** Opening Exercise input block **

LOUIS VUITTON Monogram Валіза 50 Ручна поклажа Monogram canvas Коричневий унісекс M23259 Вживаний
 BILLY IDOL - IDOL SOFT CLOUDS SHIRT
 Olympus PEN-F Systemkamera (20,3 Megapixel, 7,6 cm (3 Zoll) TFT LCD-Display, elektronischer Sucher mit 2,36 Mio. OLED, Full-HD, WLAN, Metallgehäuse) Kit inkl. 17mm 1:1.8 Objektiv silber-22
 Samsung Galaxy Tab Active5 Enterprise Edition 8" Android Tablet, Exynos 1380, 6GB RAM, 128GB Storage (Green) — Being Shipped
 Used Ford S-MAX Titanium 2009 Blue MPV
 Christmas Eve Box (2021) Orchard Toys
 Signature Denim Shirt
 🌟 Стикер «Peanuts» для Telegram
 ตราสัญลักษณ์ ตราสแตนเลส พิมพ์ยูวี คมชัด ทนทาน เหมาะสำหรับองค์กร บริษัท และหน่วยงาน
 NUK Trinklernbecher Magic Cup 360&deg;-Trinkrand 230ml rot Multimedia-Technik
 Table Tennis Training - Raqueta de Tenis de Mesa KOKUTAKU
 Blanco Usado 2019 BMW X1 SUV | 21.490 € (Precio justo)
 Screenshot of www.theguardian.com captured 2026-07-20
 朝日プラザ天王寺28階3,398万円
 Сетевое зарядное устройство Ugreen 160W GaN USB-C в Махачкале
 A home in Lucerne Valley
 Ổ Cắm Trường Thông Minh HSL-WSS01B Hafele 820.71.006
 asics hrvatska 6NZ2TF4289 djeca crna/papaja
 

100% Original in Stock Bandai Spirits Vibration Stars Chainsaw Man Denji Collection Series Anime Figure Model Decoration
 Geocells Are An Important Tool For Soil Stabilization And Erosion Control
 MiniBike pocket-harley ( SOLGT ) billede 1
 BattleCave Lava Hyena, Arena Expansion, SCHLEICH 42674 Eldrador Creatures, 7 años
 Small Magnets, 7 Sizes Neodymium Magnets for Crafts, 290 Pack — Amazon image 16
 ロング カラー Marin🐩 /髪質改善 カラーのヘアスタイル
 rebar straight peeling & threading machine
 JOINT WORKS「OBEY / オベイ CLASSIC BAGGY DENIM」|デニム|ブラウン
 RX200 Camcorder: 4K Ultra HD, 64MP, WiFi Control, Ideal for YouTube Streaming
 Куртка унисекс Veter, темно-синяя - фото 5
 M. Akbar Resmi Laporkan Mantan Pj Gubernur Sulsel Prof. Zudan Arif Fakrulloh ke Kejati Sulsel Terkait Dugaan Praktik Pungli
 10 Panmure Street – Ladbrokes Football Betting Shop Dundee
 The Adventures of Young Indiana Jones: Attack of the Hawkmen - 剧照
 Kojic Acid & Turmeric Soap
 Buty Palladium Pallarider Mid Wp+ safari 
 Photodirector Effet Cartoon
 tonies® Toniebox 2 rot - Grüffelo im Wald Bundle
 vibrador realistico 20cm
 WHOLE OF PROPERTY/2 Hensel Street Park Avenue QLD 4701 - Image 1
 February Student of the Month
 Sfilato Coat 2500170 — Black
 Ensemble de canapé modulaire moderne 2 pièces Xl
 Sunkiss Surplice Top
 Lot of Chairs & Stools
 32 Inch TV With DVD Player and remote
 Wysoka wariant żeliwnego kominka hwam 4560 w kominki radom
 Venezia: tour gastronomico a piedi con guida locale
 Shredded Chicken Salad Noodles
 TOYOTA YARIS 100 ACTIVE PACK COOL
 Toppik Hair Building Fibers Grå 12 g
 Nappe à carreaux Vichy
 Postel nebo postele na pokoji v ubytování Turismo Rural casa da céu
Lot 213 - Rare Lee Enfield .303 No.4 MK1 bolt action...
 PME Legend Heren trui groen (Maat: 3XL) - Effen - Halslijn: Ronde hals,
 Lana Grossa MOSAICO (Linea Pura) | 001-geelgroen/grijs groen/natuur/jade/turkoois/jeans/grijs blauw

** Closing Exercise input block **

### Exercise brief
Copy out every line from the data above that has "groen" in it.

### Response
 PME Legend Heren trui groen (Maat: 3XL) - Effen - Halslijn: Ronde hals,
 Lana Grossa MOSAICO (Linea Pura) | 001-geelgroen/grijs groen/natuur/jade/turkoois/jeans/grijs blauw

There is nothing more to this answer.